## Source material
+ + + + + + +
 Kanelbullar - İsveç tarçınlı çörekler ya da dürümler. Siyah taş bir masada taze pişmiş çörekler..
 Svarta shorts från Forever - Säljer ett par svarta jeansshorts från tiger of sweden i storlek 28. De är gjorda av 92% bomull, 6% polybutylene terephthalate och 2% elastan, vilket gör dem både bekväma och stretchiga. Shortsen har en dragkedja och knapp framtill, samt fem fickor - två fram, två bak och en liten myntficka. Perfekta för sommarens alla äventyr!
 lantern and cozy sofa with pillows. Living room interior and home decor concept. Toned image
+ + + + + + +
## Work to complete
Print all of the lines above so that each one matches its original exactly.

## Solution for this exercise
 Kanelbullar - İsveç tarçınlı çörekler ya da dürümler. Siyah taş bir masada taze pişmiş çörekler..
 Svarta shorts från Forever - Säljer ett par svarta jeansshorts från tiger of sweden i storlek 28. De är gjorda av 92% bomull, 6% polybutylene terephthalate och 2% elastan, vilket gör dem både bekväma och stretchiga. Shortsen har en dragkedja och knapp framtill, samt fem fickor - två fram, två bak och en liten myntficka. Perfekta för sommarens alla äventyr!
 lantern and cozy sofa with pillows. Living room interior and home decor concept. Toned image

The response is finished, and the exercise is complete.